Department of Civil, Environmental and Natural Resources Engineering, Urban Water Engineering, Luleå University of Technology, Luleå 971 87, Sweden; Department of Civil and Environmental Engineering, water and wastewater (VA) group, Norwegian University of Science and Technology (NTNU), Trondheim N-7491, Norway E-mail:
Department of Civil and Environmental Engineering, water and wastewater (VA) group, Norwegian University of Science and Technology (NTNU), Trondheim N-7491, Norway.

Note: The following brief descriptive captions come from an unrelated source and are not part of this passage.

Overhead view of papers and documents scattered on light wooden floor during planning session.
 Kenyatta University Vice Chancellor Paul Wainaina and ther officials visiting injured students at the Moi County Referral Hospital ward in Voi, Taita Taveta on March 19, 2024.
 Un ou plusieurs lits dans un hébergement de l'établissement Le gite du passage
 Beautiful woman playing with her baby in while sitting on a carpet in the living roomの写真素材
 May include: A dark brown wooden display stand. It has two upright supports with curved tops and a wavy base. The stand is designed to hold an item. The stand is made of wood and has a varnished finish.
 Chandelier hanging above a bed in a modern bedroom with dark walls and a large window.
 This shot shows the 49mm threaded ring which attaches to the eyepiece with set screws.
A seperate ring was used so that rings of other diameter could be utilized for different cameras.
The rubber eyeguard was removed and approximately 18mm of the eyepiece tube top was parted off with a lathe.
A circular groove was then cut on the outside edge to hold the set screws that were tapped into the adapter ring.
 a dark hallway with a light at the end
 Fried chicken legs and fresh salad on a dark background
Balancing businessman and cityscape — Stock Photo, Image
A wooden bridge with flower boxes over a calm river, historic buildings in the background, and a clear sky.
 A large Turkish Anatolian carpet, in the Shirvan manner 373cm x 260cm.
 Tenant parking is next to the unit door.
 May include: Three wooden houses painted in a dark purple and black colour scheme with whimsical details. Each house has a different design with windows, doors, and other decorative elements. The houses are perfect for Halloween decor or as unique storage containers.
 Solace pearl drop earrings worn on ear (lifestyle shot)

Water Sci Technol. 2024 Jul;90(1):398-412. doi: 10.2166/wst.2024.194. Epub 2024 Jun 3.
In this study, we show that pollutants of emerging concern are, by nature, prone to the emergence of epistemic uncertainty. We also show that the current uncertainty quantification methods used for pollutant modelling rely almost exclusively on parameter uncertainty, which is not adequate to tackle epistemic uncertainty affecting the model structure. We, therefore, suggest a paradigm shift in the current pollutant modelling approaches by adding a term explicitly accounting for epistemic uncertainties. In a proof-of-concept, we use this approach to investigate the impact of epistemic uncertainty in the fluctuation of pollutants during wet-weather discharge (input information) on the distribution of mass of pollutants (output distributions). We found that the range of variability negatively impacts the tail of output distributions. The fluctuation time, associated with high covariance between discharge and concentration, is a major driver for the output distributions. Adapting to different levels of epistemic uncertainty, our approach helps to identify critical unknown information in the fluctuation of pollutant concentration. Such information can be used in a risk management context and to design smart monitoring campaigns.
在这项研究中,我们表明,新兴关注污染物本质上容易出现认识不确定性。我们还表明,目前用于污染物建模的不确定性量化方法几乎完全依赖于参数不确定性,这不足以解决影响模型结构的认识不确定性。因此,我们建议通过添加一个明确考虑认识不确定性的术语来改变当前的污染物建模方法。在一个概念验证中,我们使用这种方法来研究在雨天排放期间(输入信息)污染物波动的认识不确定性对污染物质量分布(输出分布)的影响。我们发现,变异性范围对输出分布的尾部产生负面影响。与排放和浓度之间的高协方差相关的波动时间是输出分布的主要驱动因素。适应不同程度的认识不确定性,我们的方法有助于确定污染物浓度波动中的关键未知信息。这种信息可以用于风险管理背景下,并设计智能监测活动。